Task instructions:
Would you repeat each line below exactly, without the pictures?

Recorded information:
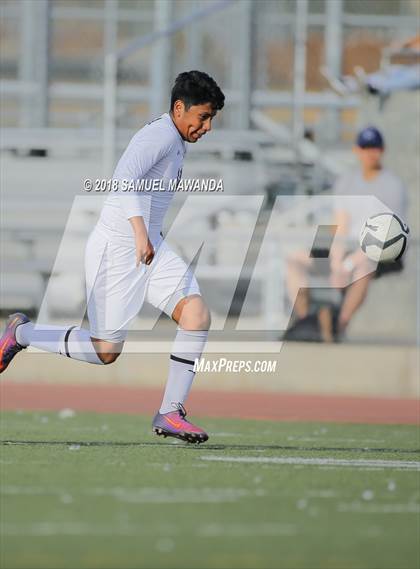 Thumbnail 2 in  Sun Valley vs Reseda photogallery.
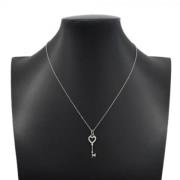 Pre-owned White Gold necklaces Tiffany & Co. Pre-owned , Gray , Dames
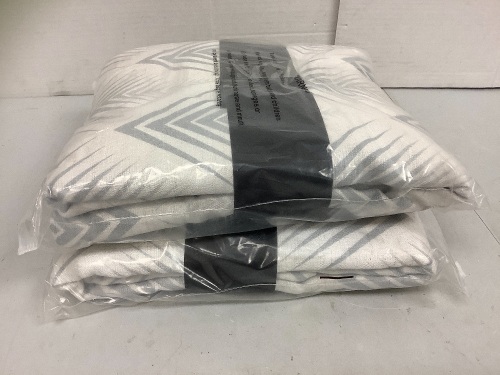 Lot of (2) Diana Arrow Curtains, E-Commerce Return - Lot 217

Problem solution:
 Thumbnail 2 in  Sun Valley vs Reseda photogallery.
 Pre-owned White Gold necklaces Tiffany & Co. Pre-owned , Gray , Dames
 Lot of (2) Diana Arrow Curtains, E-Commerce Return - Lot 217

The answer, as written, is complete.